No que sou interrompido. "Olha pro céu, papai. Tem estrelas". Explico. Estou no escritório, escrevendo, lendo. Valentina entra com os cabelos presos nas laterais, depois do banho; já é noite, ainda há pouco brincava no chão da sala e - de repente, pediu pra mãe fazer seu cabelo igual ao da Luna ,- aquela do desenho "Show da Luna"; que faz mil perguntas; que vira borboleta; que sobe nas árvores para trocar ideias com os bichos; que vai até a lua - "e são tantas perguntas"; que tem um irmão chamado Júpiter.
"Olha o meu cabelo, papai". Perdi a página do livro, esqueci dos personagens, da trama, toda a coisa existencial sumiu naquele instante, o texto que escrevia empacou, deu branco, tudo se foi com os Highlanders nas montanhas sangrentas de Waterloo.
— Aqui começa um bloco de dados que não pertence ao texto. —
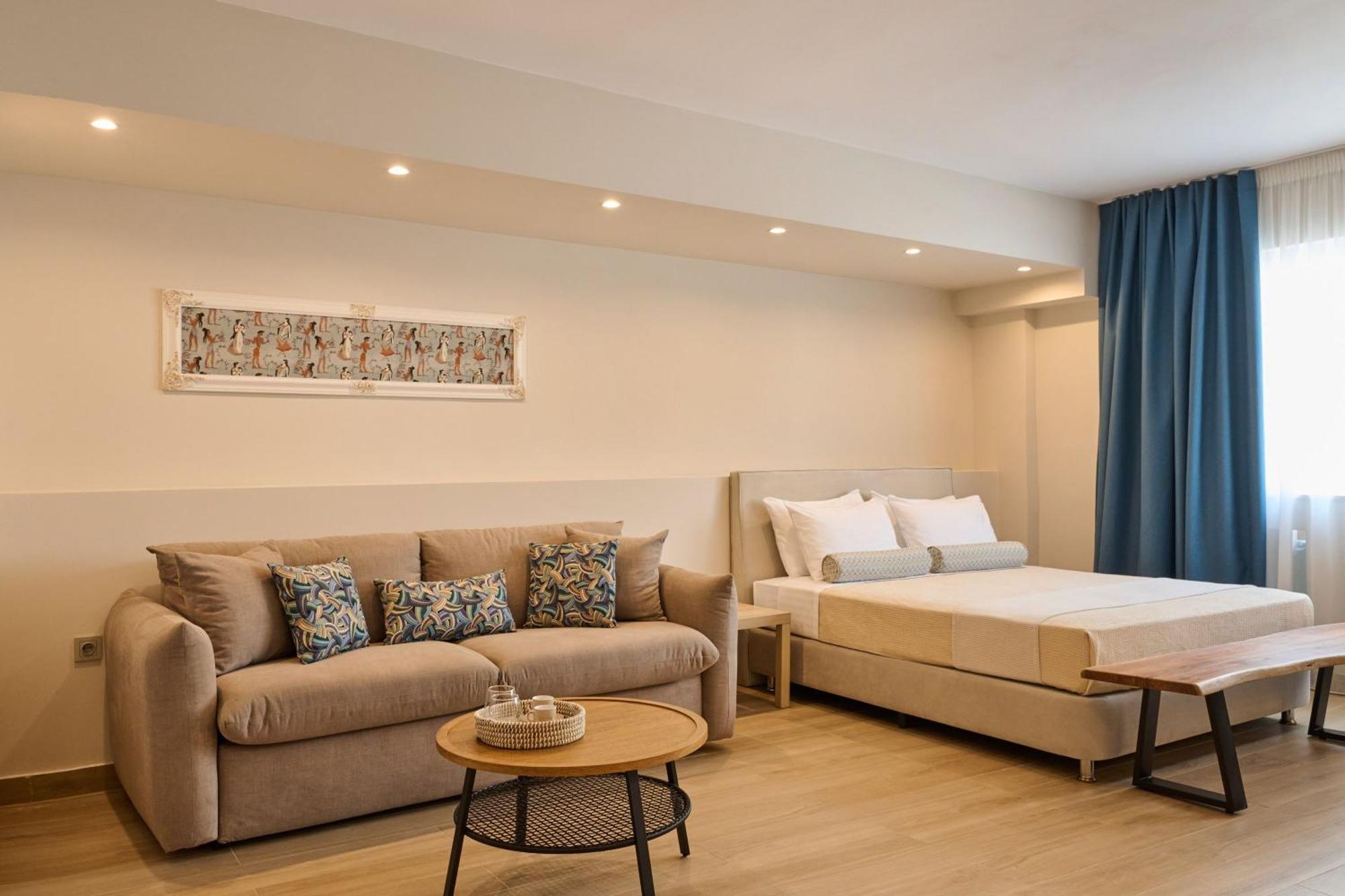 Acropolis Muses - Downtown Luxury Apartments เอเธนส์ ภายนอก รูปภาพ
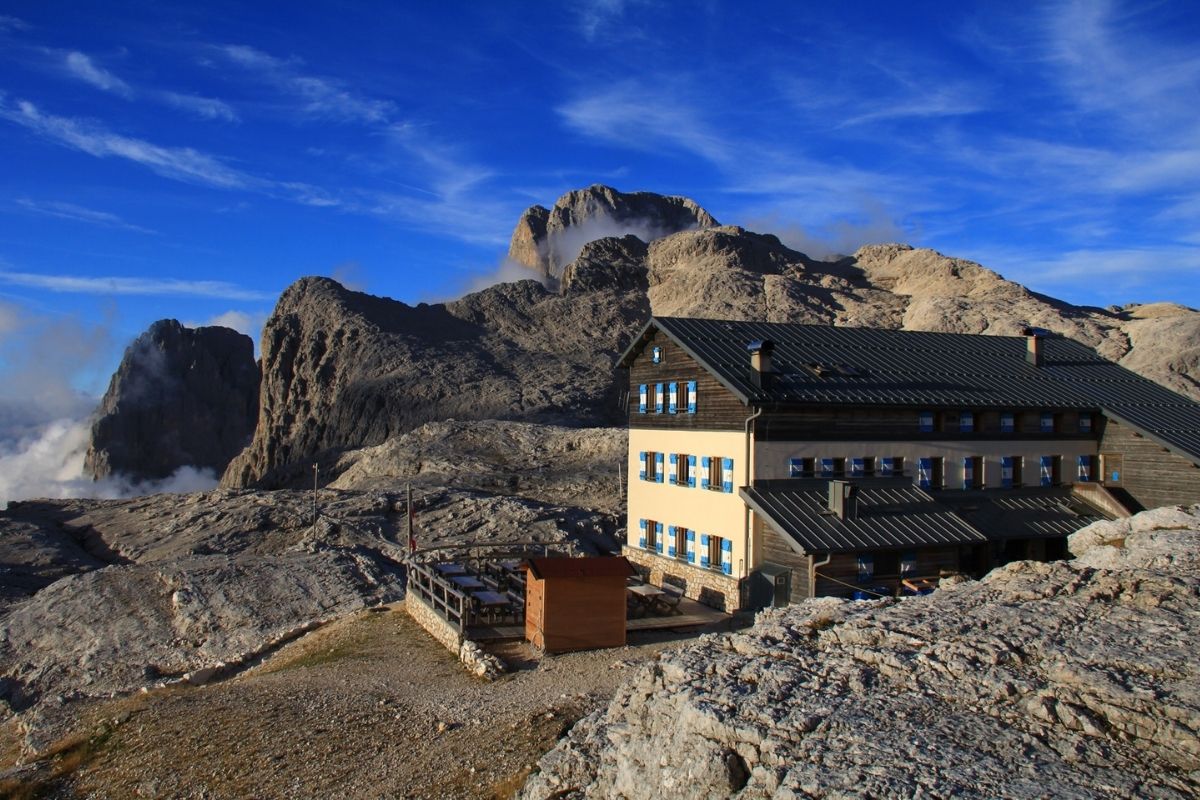 Rifugio Rosetta con vista sulle montagne a San Martino di Castrozza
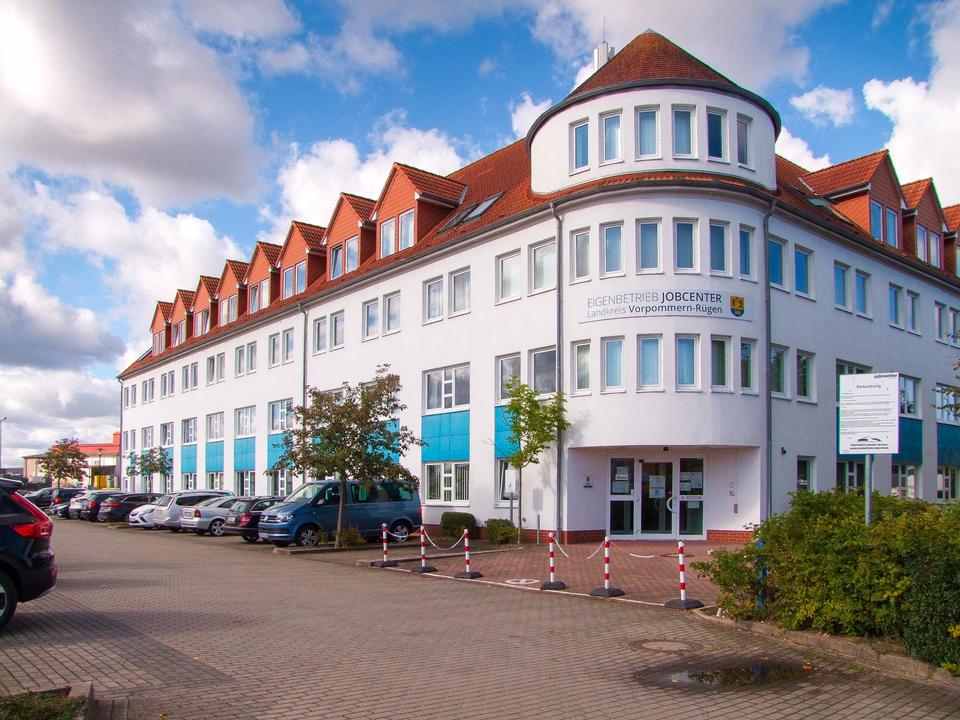 Thumbnail-Attraktive Bürofläche im Erdgeschoss im Gewerbegebiet in Bergen auf Rügen zu vermieten!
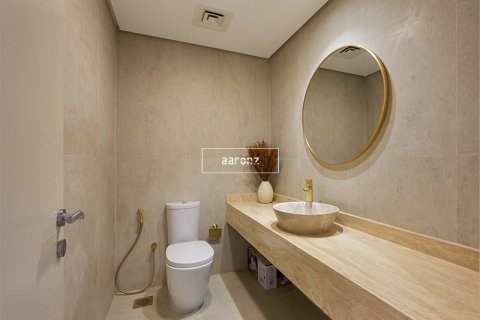 Apartment in Dubai 2 bedrooms, 138.1 sq.m. № 18195 - photo 16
Estou a salvo. Olho pra minha filha com toda atenção do mundo e digo com o coração tomado de alegria: "Nossa Senhora! Como você está linda, filha!" Ela sai em disparada, derrubando risos e mais risos pelo chão. (Aquela alegria seria capaz de apaziguar o coração de um homem-bomba, de um condenado, de reconciliar países, de conceder perdões).
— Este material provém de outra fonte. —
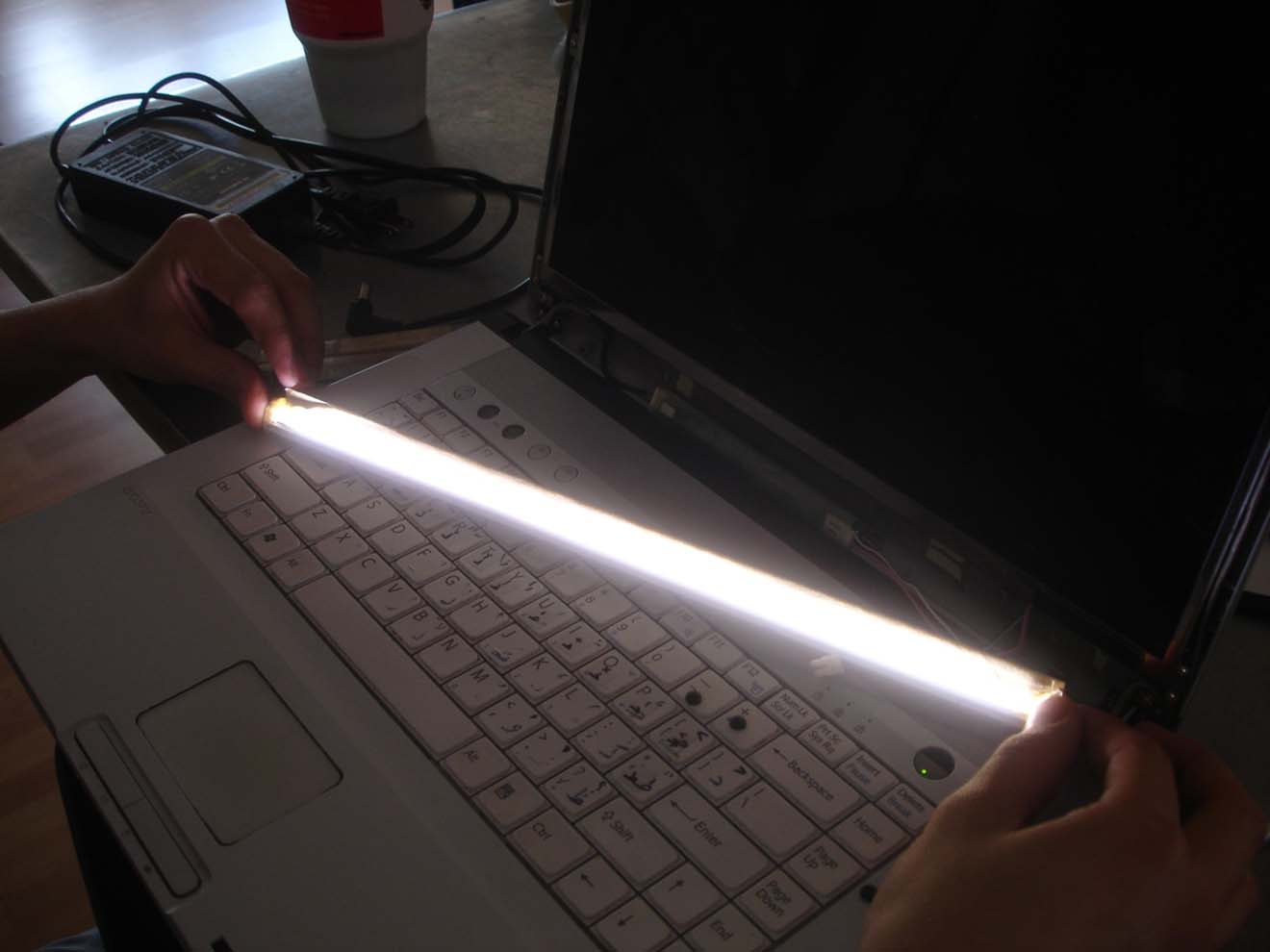 Замена и ремонт подсветки экрана ноутбука в Бобруйске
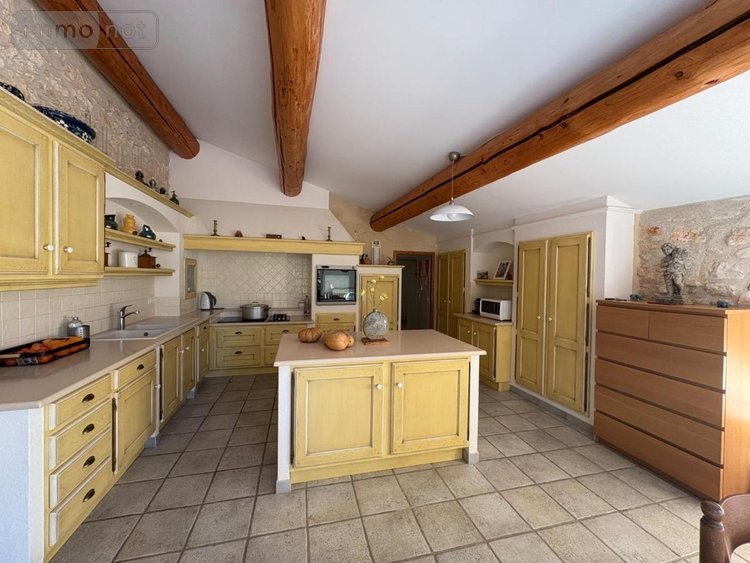 Maison a vendre Simiane-la-Rotonde 04150 Alpes-de-Haute-Provence 247 m2 7 pièces 730400 euros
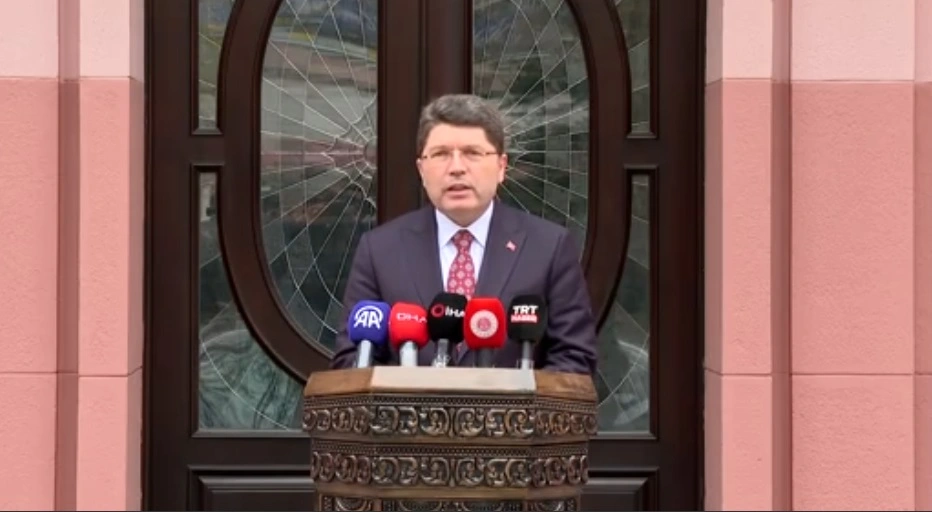 Adalet Bakanı Yılmaz Tunç, CHP’de para sayma görüntüleri ve ‘Kent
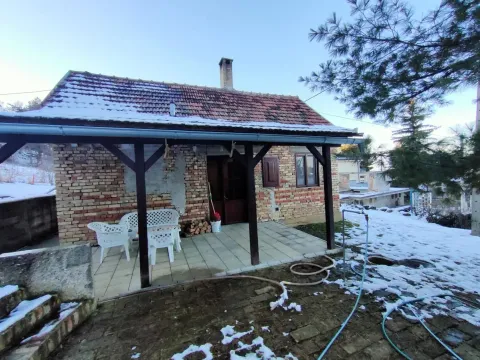 Prodaja, dvosoban stan, 47m², Sremska Kamenica, Petrovaradin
Diz em voz alta pra mãe: "Papai falou: Nossa Senhora, como você está linda". Valentina. A Zá. Zá foi como ela primeiro chamou a si mesma. E a gente, hoje, a chama carinhosamente também. Fiquei ouvindo as duas rindo, e me senti tão junto: apesar das paredes nos separando.
O livro dormiu na minha barriga, só percebi mais tarde, quando me levantei e ele caiu no chão. Waterloo ficou naquele barranco. Sem cobrança, senti vontade de olhar pro céu. Faz dias que não olho.
Minhas filhas sempre me perguntam a cor do meu anjo da guarda (se é verde, rosa, preto, azul, amarelo, ou se tem todas as cores), me mostram o céu, o infinito, a delicadeza, a formiga, o nada que sou quando tento ser outra coisa. Elas são o que eu entendo como motivo, meu time de futebol, minha canção favorita, amor incondicional...
Nem sabia que tal sentimento poderia habitar dentro de mim. Minhas filhas gostam de contar estrelas, mas não ligam quando não conseguem enxergar nenhuma. Curtem do mesmo jeito o pisca-pisca do caminhão de lixo; têm o mesmo respeito. E eu, ainda que não me sentindo digno de tamanha beleza diante de mim, não sou tão burro para não aproveitar essa segunda, terceira, chance da vida. Inventar um modo de continuar de pé depois de caído: eis o grande desafio. Fazer das últimas palavras a primeira. Parar de pensar. Apaziguar. "Olha pro céu, papai. Tem estrelas". A voz de um querubim sussurra para todos nós nessa noite.